Oldenburg/Vechta/Emden - Der Arbeitsmarkt im Nordwesten kommt wieder in Schwung. Allerdings fiel der saisontypische Rückgang der Arbeitslosenzahlen im März nicht ganz so stark aus wie in früheren Jahren. Insgesamt waren im Oldenburger Land und Ostfriesland 56 402 Menschen arbeitslos gemeldet, wie aus den am Donnerstag veröffentlichten Zahlen der Arbeitsagenturen Oldenburg-Wilhelmshaven, Emden-Leer und Vechta hervorgeht. Das waren 2871 weniger als im Februar, aber 1610 mehr als vor einem Jahr.
„Der Arbeitsmarkt hofft auf steigende Temperaturen“, stellte Rolf Isenburg, Bereichsleiter in der Agentur für Arbeit Emden-Leer, fest. „Nach vier Monaten in Folge mit saisontypisch gestiegenen Arbeitslosenzahlen brachte der März den erwarteten Rückgang der Arbeitslosigkeit“, sagte Berndt Wozniak, Vorsitzender der Geschäftsführung der Arbeitsagentur Oldenburg-Wilhelmshaven. Es sei zu ersten Einstellungen im Garten- und Landschaftsbau, in der Bauwirtschaft und in der Touristikbranche gekommen. „Allerdings fiel die saisonale Entlastung durch den außergewöhnlich langen Winter geringer aus als in den Vorjahren“, so Wozniak.

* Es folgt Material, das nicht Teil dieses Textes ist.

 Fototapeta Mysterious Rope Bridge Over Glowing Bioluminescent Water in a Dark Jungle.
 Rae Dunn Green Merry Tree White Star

Im Oldenburger Land ging die Zahl der Erwerbslosen im März gegenüber dem Vormonat um 1492 auf 37 584 zurück. Das waren zugleich 812 mehr als vor einem Jahr.
Etwas deutlicher fiel der Rückgang im stärker touristisch geprägten Ostfriesland aus. Hier waren im März 18 818 Menschen ohne Job. Das waren 1379 weniger als im Februar, aber 798 mehr als vor einem Jahr.

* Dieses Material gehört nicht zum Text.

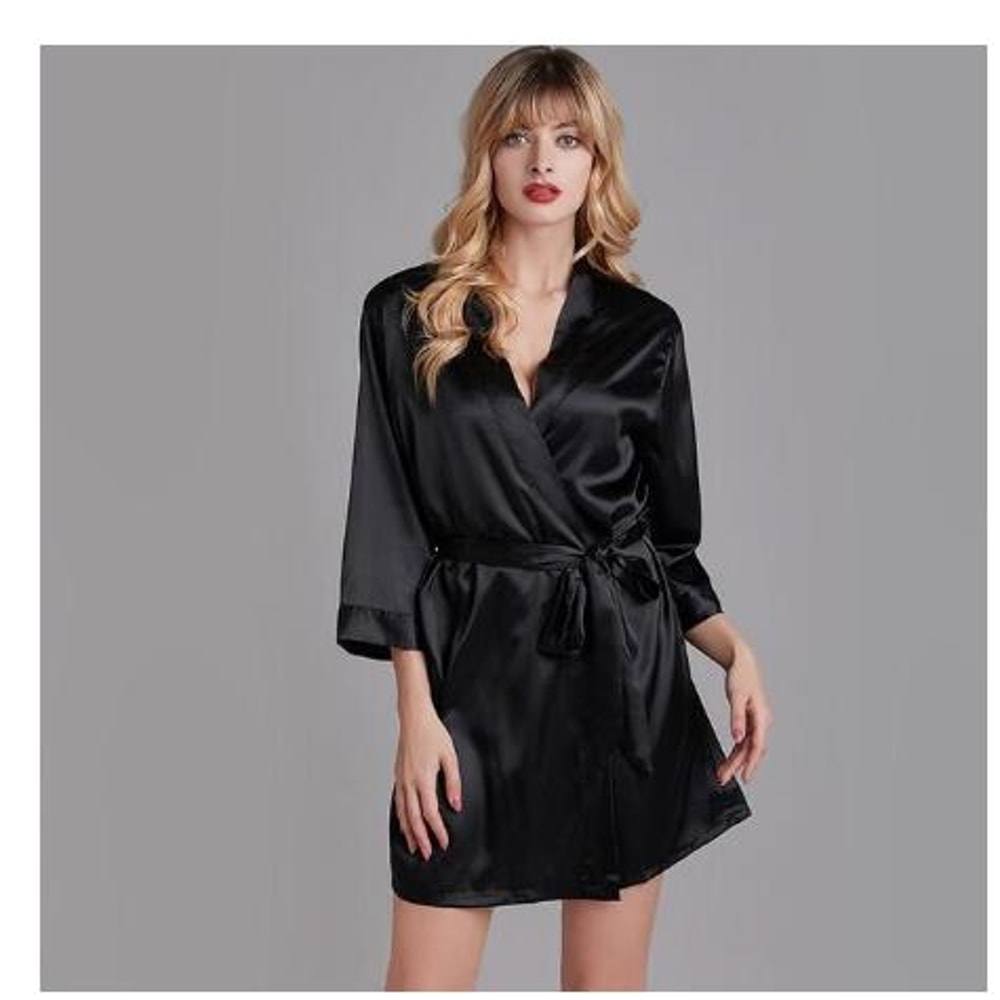Summer Champagne Chinese Bride Satin Wedding Robe Sexy Nightdress Women Nightgown Bathrobe Gown Neg 7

Auch niedersachsenweit ist die Beschäftigung weiter gestiegen, allerdings geringer als in konjunkturstarken Phasen. Vor allem der langanhaltende Winter bremste eine nachhaltige Belebung des Arbeitsmarktes aus, berichtete die Bundesagentur für Arbeit in Hannover. Insgesamt waren in Niedersachsen im März 278 912 Arbeitslose registriert – 2,6 Prozent weniger als im Februar, aber 2,0 Prozent mehr als vor einem Jahr. Die Arbeitslosenquote sank gegenüber Februar von 7,1 auf 6,9 Prozent.
Besonders erfreulich: In Niedersachsen ging im März die Jugendarbeitslosigkeit deutlich zurück. Insgesamt waren zwischen Harz und Küste 27 760 junge Leute unter 25 Jahren erwerbslos gemeldet – das entsprach einer Abnahme von 4,9 Prozent im Vergleich zum Februar. Allerdings liegt der Wert im Vergleich zum März des Vorjahres um 4,9 Prozent höher. Die Arbeitslosenquote unter den Jüngeren sank von 6,4 Prozent im Februar auf 6,1 Prozent.
Gegen den bundesweiten Trend nahm die Zahl der Arbeitslosen im Land Bremen leicht zu. Insgesamt waren dort 38 314 Menschen im März ohne Job – 0,5 Prozent mehr als im Februar und 3,3 Prozent mehr als vor einem Jahr. Die Arbeitslosenquote liegt nun bei 11,6 Prozent (Vormonat: 11,5).
Im Nordwesten ging die Zahl der Arbeitslosen besonders stark in den Landkreisen Wittmund und Ammerland zurück. Hier wurden im März 12,1 bzw. 11,7 Prozent weniger Arbeitslose registriert als im Februar. Dagegen nahm die Arbeitslosenzahl in der Stadt Delmenhorst gegen den Trend leicht um 0,8 Prozent zu.
Mit einer Arbeitslosenquote von 4,0 Prozent liegt der Landkreis Vechta nun wieder auf Rang zwei in Niedersachsen und hat den Kreis Osnabrück (4,1 Prozent) hinter sich gelassen. Die niedrigste Erwerbslosenquote im Land weist weiter das Emsland mit 3,9 Prozent auf. Demgegenüber ist die Quote in der Stadt Wilhelmshaven mit 12,7 Prozent niedersachsenweit weiterhin am höchsten.